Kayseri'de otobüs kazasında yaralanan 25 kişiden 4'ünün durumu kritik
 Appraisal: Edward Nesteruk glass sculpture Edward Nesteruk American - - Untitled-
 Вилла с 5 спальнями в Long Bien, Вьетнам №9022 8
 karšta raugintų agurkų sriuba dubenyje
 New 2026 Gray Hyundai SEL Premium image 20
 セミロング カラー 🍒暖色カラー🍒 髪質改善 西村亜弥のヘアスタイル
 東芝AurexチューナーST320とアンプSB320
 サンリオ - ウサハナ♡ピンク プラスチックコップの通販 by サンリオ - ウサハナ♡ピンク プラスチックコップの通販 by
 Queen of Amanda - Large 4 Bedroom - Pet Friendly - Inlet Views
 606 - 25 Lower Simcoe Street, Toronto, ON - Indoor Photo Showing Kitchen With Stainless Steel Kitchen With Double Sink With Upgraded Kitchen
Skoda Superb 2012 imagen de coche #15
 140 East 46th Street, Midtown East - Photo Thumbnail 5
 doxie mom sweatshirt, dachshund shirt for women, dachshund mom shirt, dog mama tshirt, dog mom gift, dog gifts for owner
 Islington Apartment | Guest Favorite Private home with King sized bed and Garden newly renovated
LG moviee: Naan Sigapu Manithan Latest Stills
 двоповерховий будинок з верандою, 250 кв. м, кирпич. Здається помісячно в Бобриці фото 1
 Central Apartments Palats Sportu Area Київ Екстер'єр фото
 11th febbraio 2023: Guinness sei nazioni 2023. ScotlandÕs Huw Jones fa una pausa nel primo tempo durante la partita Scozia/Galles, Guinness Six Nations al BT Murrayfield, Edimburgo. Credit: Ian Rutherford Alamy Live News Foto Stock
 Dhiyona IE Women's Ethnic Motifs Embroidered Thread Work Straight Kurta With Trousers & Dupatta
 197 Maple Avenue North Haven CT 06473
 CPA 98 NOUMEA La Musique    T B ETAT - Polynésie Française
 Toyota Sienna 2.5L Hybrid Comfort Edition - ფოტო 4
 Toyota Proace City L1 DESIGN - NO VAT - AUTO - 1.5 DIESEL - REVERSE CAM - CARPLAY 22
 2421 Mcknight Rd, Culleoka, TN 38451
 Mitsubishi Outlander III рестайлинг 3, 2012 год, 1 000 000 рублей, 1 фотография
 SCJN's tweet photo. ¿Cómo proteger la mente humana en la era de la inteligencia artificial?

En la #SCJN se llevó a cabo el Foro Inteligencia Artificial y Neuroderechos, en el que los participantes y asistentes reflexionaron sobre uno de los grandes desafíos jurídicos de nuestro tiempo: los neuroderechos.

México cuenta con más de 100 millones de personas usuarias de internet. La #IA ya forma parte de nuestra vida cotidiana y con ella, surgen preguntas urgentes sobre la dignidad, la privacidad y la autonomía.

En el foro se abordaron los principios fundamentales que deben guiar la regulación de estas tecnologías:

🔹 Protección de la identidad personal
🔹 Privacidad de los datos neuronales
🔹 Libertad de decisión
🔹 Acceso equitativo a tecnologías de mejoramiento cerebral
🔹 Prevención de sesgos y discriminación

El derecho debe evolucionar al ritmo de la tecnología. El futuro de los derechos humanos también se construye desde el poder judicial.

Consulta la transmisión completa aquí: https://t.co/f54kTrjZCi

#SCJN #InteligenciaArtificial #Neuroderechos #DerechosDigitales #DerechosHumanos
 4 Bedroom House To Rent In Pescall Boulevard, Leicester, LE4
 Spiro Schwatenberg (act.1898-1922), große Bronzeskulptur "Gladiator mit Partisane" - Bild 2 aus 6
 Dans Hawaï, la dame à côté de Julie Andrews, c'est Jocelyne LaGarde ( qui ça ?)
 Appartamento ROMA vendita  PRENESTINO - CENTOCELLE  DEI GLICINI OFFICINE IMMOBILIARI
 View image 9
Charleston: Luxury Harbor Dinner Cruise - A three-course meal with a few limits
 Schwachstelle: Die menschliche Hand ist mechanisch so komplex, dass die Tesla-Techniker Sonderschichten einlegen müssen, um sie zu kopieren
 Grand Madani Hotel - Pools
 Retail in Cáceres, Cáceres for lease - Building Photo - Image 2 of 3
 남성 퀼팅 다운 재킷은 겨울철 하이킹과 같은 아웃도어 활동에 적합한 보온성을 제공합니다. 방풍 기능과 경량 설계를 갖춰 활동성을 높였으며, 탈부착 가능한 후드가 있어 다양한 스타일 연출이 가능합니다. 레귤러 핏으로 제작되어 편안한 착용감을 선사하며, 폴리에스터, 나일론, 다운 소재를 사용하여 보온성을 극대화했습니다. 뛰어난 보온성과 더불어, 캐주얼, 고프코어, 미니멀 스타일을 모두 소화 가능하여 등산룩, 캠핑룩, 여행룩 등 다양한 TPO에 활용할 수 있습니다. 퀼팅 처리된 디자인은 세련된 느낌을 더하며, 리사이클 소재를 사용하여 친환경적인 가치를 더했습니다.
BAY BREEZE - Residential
- - - - -
Would you return exactly the lines from the one containing "de mejoramiento cerebral" through the end of the listing, both included, and only them?

▶ [Exercise result]
🔹 Acceso equitativo a tecnologías de mejoramiento cerebral
🔹 Prevención de sesgos y discriminación

El derecho debe evolucionar al ritmo de la tecnología. El futuro de los derechos humanos también se construye desde el poder judicial.

Consulta la transmisión completa aquí: https://t.co/f54kTrjZCi

#SCJN #InteligenciaArtificial #Neuroderechos #DerechosDigitales #DerechosHumanos
 4 Bedroom House To Rent In Pescall Boulevard, Leicester, LE4
 Spiro Schwatenberg (act.1898-1922), große Bronzeskulptur "Gladiator mit Partisane" - Bild 2 aus 6
 Dans Hawaï, la dame à côté de Julie Andrews, c'est Jocelyne LaGarde ( qui ça ?)
 Appartamento ROMA vendita  PRENESTINO - CENTOCELLE  DEI GLICINI OFFICINE IMMOBILIARI
 View image 9
Charleston: Luxury Harbor Dinner Cruise - A three-course meal with a few limits
 Schwachstelle: Die menschliche Hand ist mechanisch so komplex, dass die Tesla-Techniker Sonderschichten einlegen müssen, um sie zu kopieren
 Grand Madani Hotel - Pools
 Retail in Cáceres, Cáceres for lease - Building Photo - Image 2 of 3
 남성 퀼팅 다운 재킷은 겨울철 하이킹과 같은 아웃도어 활동에 적합한 보온성을 제공합니다. 방풍 기능과 경량 설계를 갖춰 활동성을 높였으며, 탈부착 가능한 후드가 있어 다양한 스타일 연출이 가능합니다. 레귤러 핏으로 제작되어 편안한 착용감을 선사하며, 폴리에스터, 나일론, 다운 소재를 사용하여 보온성을 극대화했습니다. 뛰어난 보온성과 더불어, 캐주얼, 고프코어, 미니멀 스타일을 모두 소화 가능하여 등산룩, 캠핑룩, 여행룩 등 다양한 TPO에 활용할 수 있습니다. 퀼팅 처리된 디자인은 세련된 느낌을 더하며, 리사이클 소재를 사용하여 친환경적인 가치를 더했습니다.
BAY BREEZE - Residential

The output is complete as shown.